Magnetotaktische Bakterien besitzen die Fähigkeit spezielle Organellen, sogenannte Magnetosomen, zu synthetisieren. Das Magnetbakterium Magnetospirillum gryphiswaldense stellt dabei einen Modellorganismus für die Analyse der Magnetosomen-Biosynthese und -Bioproduktion dar. Die für die Kontrolle der Magnetosomen-Biosynthese relevanten Gene sind in M. gryphiswaldense in einer genomischen Magnetosomeninsel (MAI) lokalisiert. Letztere kodiert ebenfalls eine Vielzahl mobiler genetischer Elemente, repeats, sowie ‘genetic junk’. Die Grenzen der MAI als auch die Funktionen der Regionen zwischen den Magnetosomen-Operons sowie angrenzender Regionen sind hinsichtlich ihrer Relevanz für die Magnetosomen-Biosynthese und das zelluläre Wachstum unter Laborbedingungen noch weitestgehend unerforscht. Aufgrund der genetischen Instabilität der Magnetosomen-Cluster wäre die Deletion der Regionen zwischen den Operons als auch der Austausch der nativen MAI durch eine kompakte Kassette, welche alle Magnetosomen-Gene enthält, von großem Interesse und für zukünftige genetische Manipulationen in M. gryphiswaldense und anderen Magnetbakterien von großer Bedeutung. Neueste Forschungsergebnisse sprechen außerdem dafür, dass am komplexen Ablauf der Magnetosomen-Biosynthese weitere unterstützende Faktoren außerhalb der MAI beteiligt sein könnten. Zudem erfordert die zukünftige genetische Manipulation in M. gryphiswaldense und anderen Magnetbakterien passende Methoden für ausgedehntere genetische Manipulationen.
In der vorliegenden Arbeit wurden neue Kandidaten-Gene außerhalb der MAI, welche an der Magnetosomen-Biosynthese beteiligt sind, durch gezielte Deletion verifiziert.
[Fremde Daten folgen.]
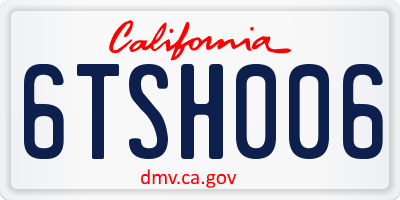 CA license plate 6TSH006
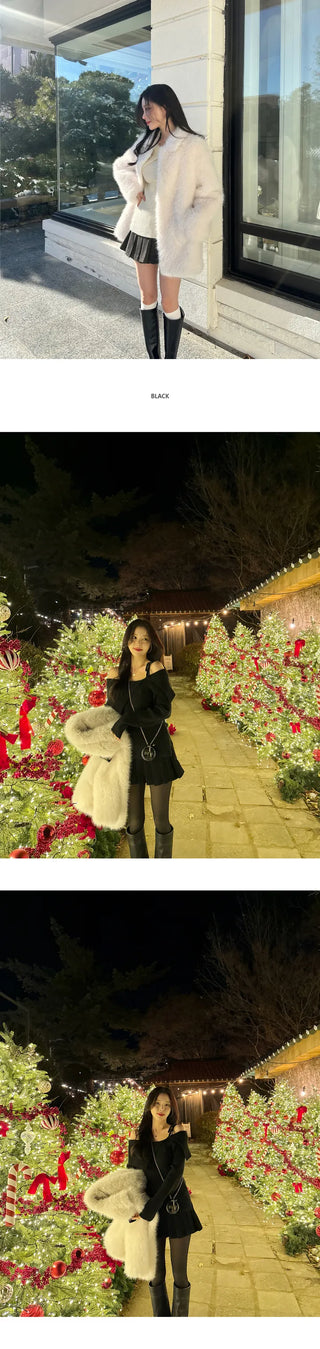 [Woolhonbang] Ribbon Unbalanced Off-Shoulder Knit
Des Weiteren konnte eine Technik basierend auf homologer Rekombination für die großflächige genetische Manipulation von bis zu ~100 kb validiert werden. Dabei konnten neue Grenzbereiche der MAI für mögliche Deletionen definiert und eine Region irrelevant für die Funktion in der Magnetosomen-Biosynthese mit einem Ausmaß von ~73 kb durch eine kompakte Kassette, die alle Magnetosomen-Gene enthält, ersetzt werden. Dieselbe Methode wurde schließlich dazu verwendet, um weiteren problematischen Geninhalt wie potentielle Prophagen und aktive mobile genetische Elemente außerhalb der MAI zu identifizieren und eliminieren.
Letztlich konnte durch kombinatorische Genomreduktion ausgedehnter Regionen, vermeintlicher Prophagen und aktiver mobiler genetische Elemente ein bis zu 5,5% genom-reduzierter Stamm konstruiert, sowie die Machbarkeit (proof-of-principle) zur genetischen Optimierung magnetotaktischer Bakterien erbracht werden.
Insgesamt bilden die Ergebnisse der vorliegenden Arbeit die Grundlage für die zukünftige Konstruktion eines angehenden chassis, um die genetische Manipulation der Magnetosomen zu verbessern sowie stabile und hohe Magnetosomen-Erträge aus M. gryphiswaldense zu erzeugen.